Image-text web data
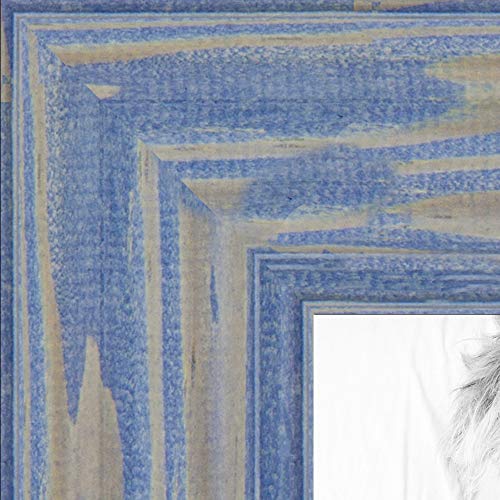 ArtToFrames 18x18 inch Deep Periwinkle Barnwood Frame Wood Picture Frame, 2WOM0066-56673-YBLU-18x18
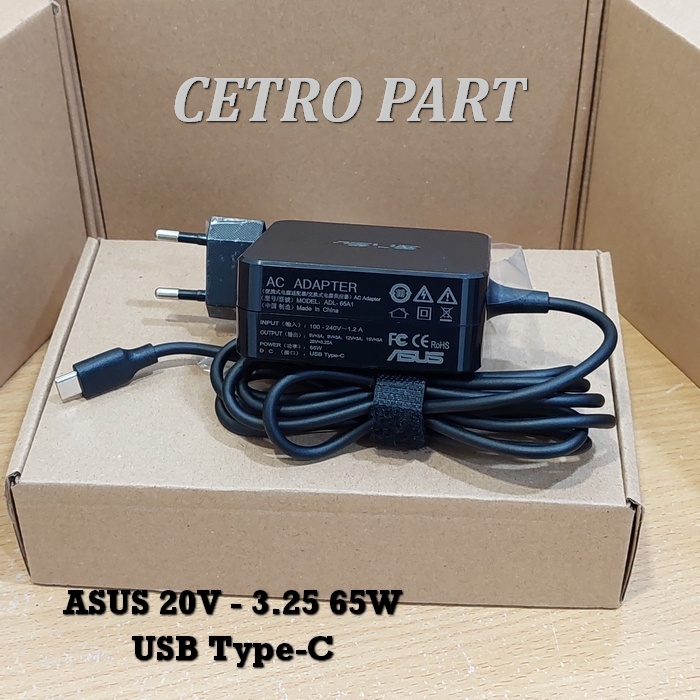 Adaptor Charger Laptop ASUS 20V - 3.25A 65W Colokan USB Type C -NEW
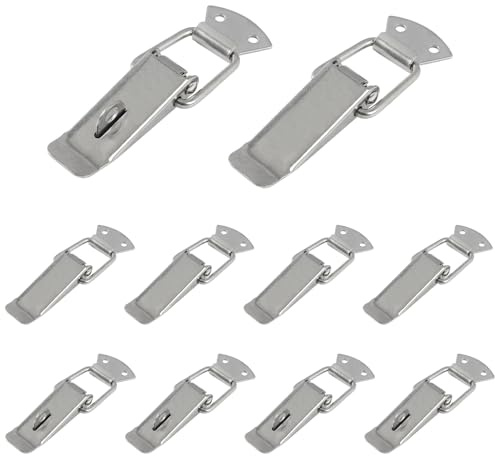 10 Pezzi Chiusura A Leva, 72mm Fermaglio a Molla Leva Chiusura di Tensione in Acciaio Chiusura a Scatto Angolare Inox per Cassette Degli Attrezzi Armadi Cassetti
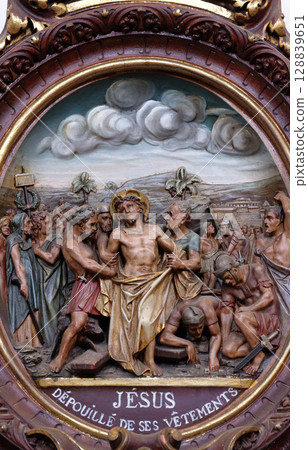 10th Stations of the Cross, Jesus is stripped of His garments, Carthusian monastery in Pleterje, Slovenia 10th Stations of the Cross, Jesus is stripped of His garments, Carthusian monastery in Pleterje, Slovenia 128839651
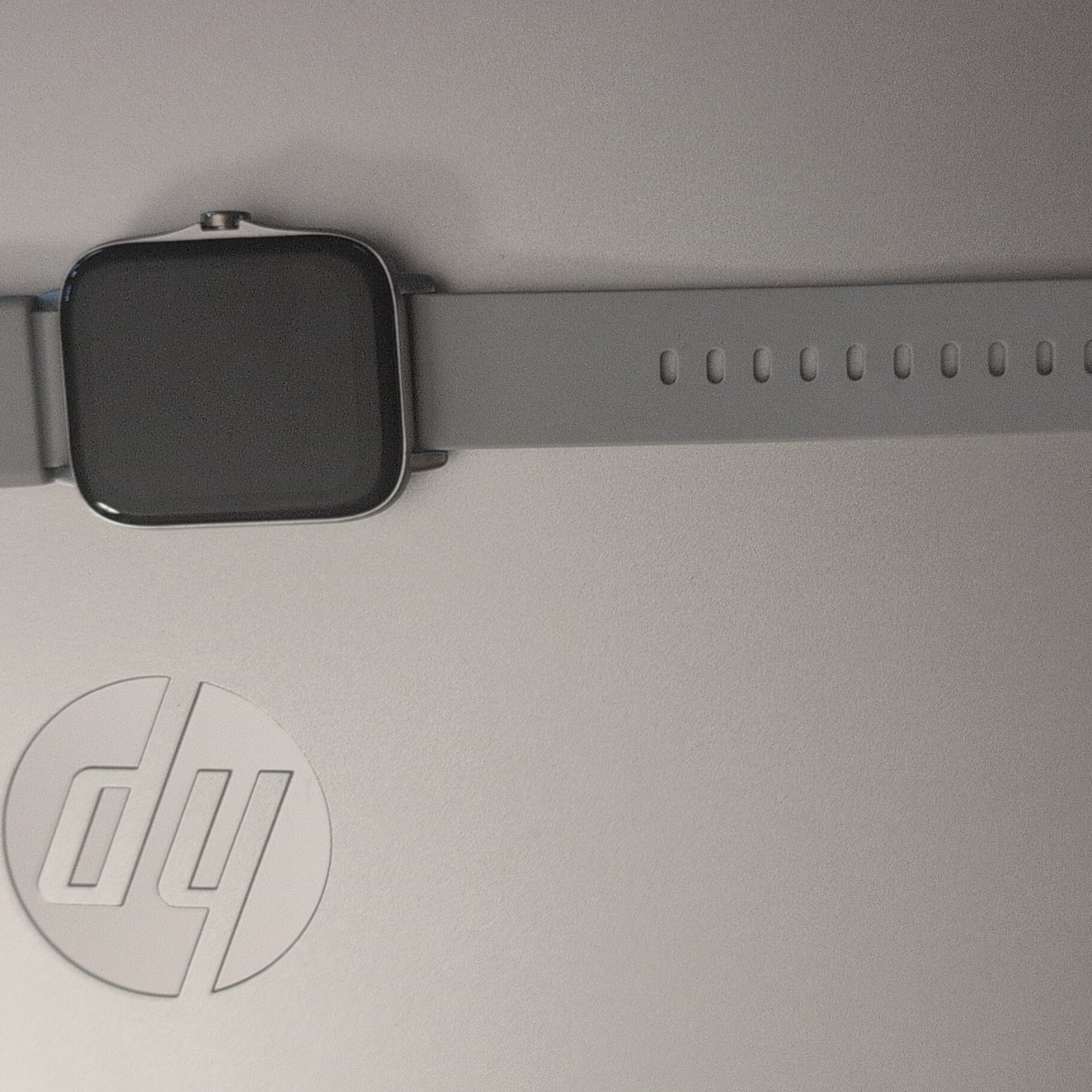 Square Smart Watch 45mm Silver Metal Case Gray Silicone Band Touchscreen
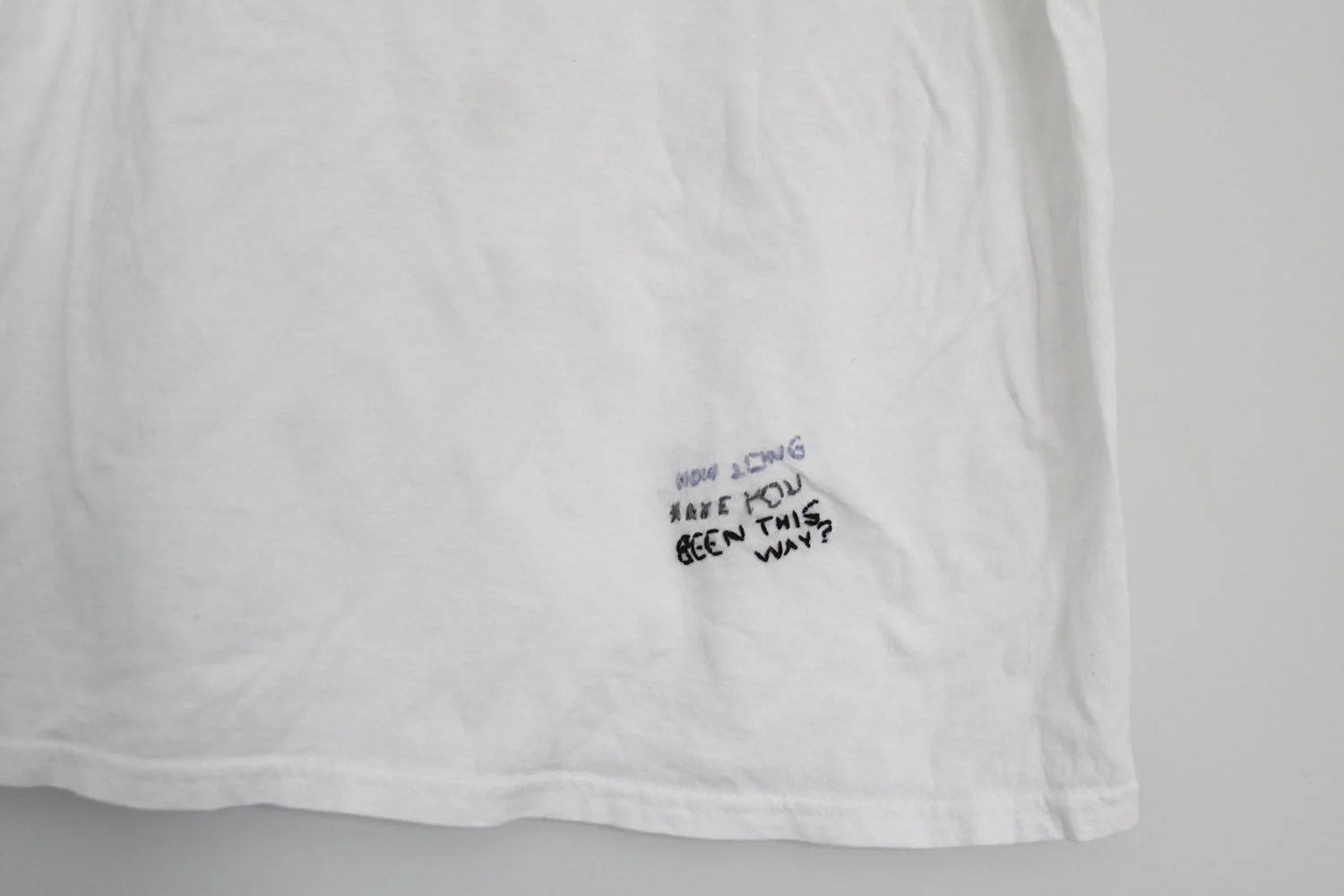 Detail: How Long Have You Been This Way, 2017, embroidered t-shirt, 16" x 24"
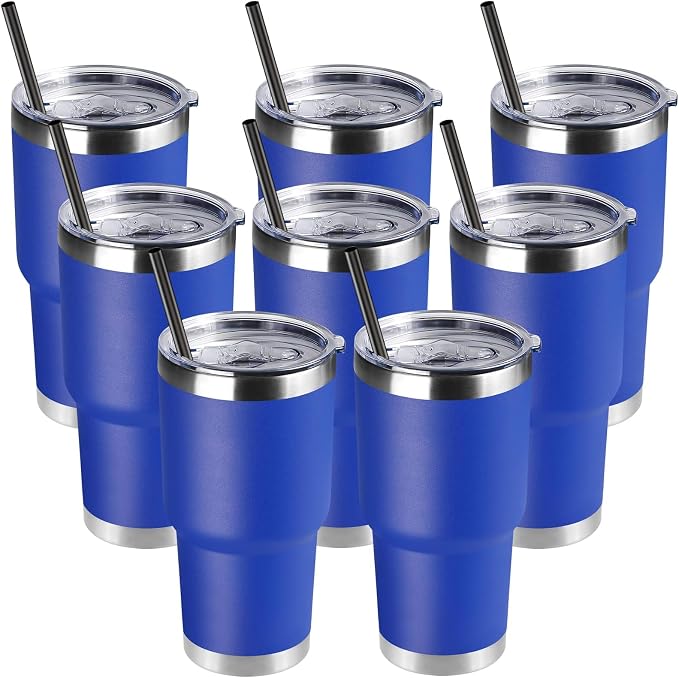 DOMICARE 30oz Tumbler Bulk with Lid and Straw, Double Wall Travel Coffee Mug, Insulated Vacuum Stainless Steel Tumblers, Powder Coated Tumbler Cup (Dark Blue, 8)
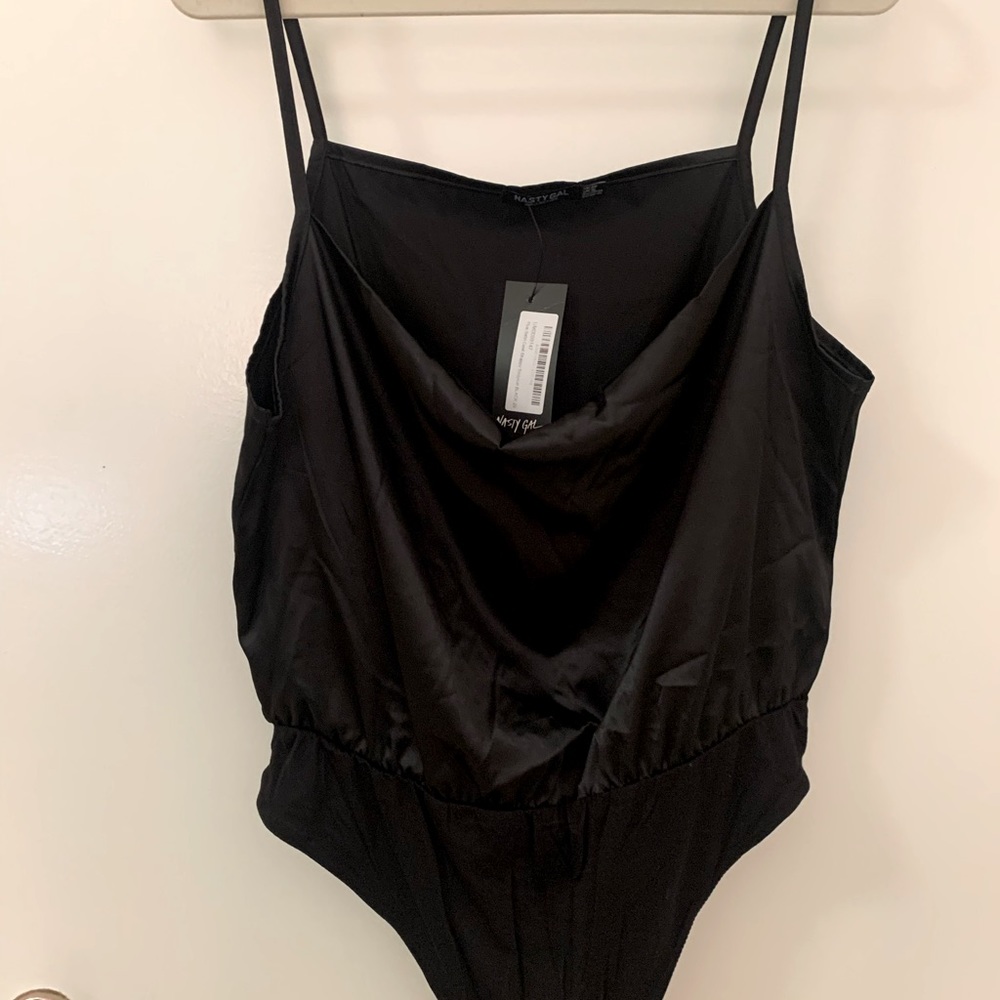 satin cowl neck thong bodysuit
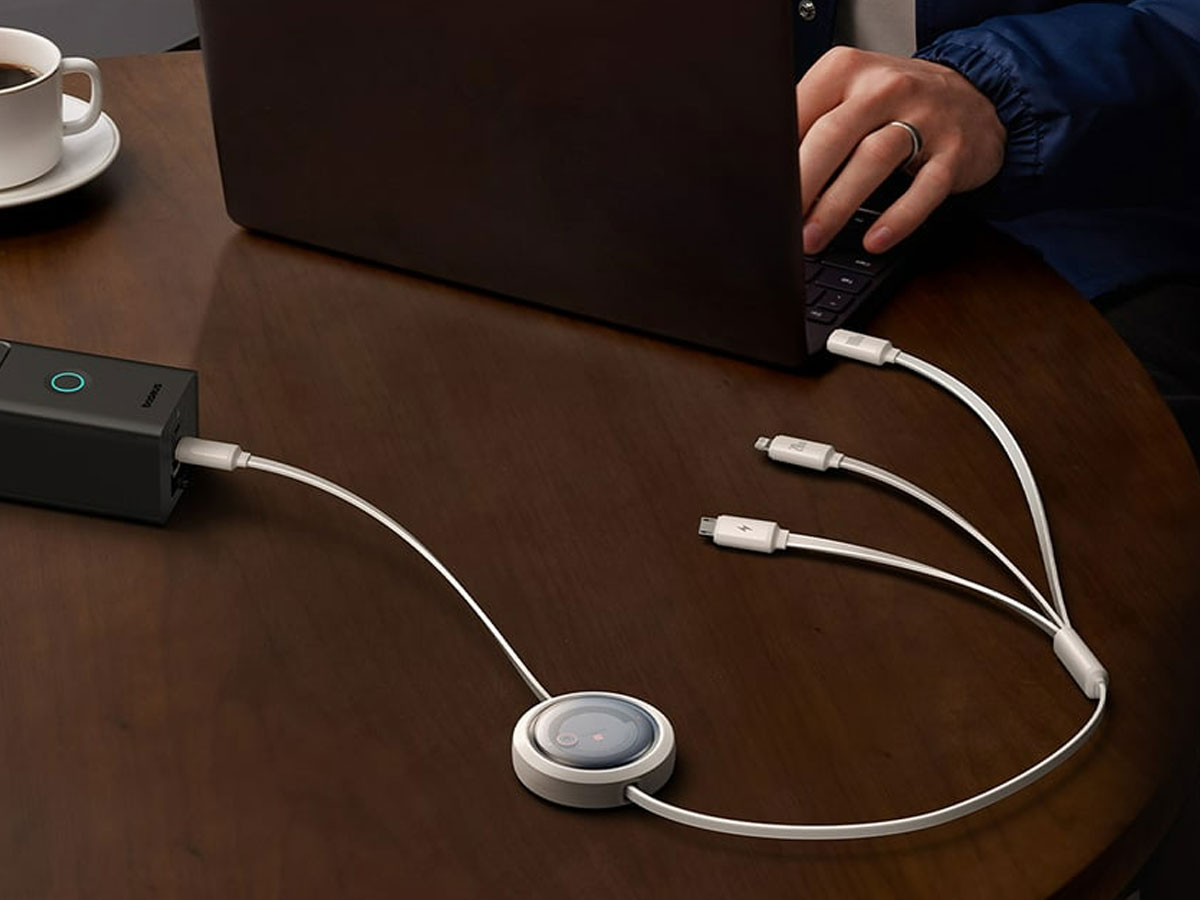 Baseus Free2Draw Retractable Cable 3in1 100W 1,1m white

### WHAT TO WORK ON
Where pictures sit among the data above, omit them, and output the rest exactly.

### FINISHED TASK
 ArtToFrames 18x18 inch Deep Periwinkle Barnwood Frame Wood Picture Frame, 2WOM0066-56673-YBLU-18x18
 Adaptor Charger Laptop ASUS 20V - 3.25A 65W Colokan USB Type C -NEW
 10 Pezzi Chiusura A Leva, 72mm Fermaglio a Molla Leva Chiusura di Tensione in Acciaio Chiusura a Scatto Angolare Inox per Cassette Degli Attrezzi Armadi Cassetti
 10th Stations of the Cross, Jesus is stripped of His garments, Carthusian monastery in Pleterje, Slovenia 10th Stations of the Cross, Jesus is stripped of His garments, Carthusian monastery in Pleterje, Slovenia 128839651
 Square Smart Watch 45mm Silver Metal Case Gray Silicone Band Touchscreen
 Detail: How Long Have You Been This Way, 2017, embroidered t-shirt, 16" x 24"
 DOMICARE 30oz Tumbler Bulk with Lid and Straw, Double Wall Travel Coffee Mug, Insulated Vacuum Stainless Steel Tumblers, Powder Coated Tumbler Cup (Dark Blue, 8)
 satin cowl neck thong bodysuit
 Baseus Free2Draw Retractable Cable 3in1 100W 1,1m white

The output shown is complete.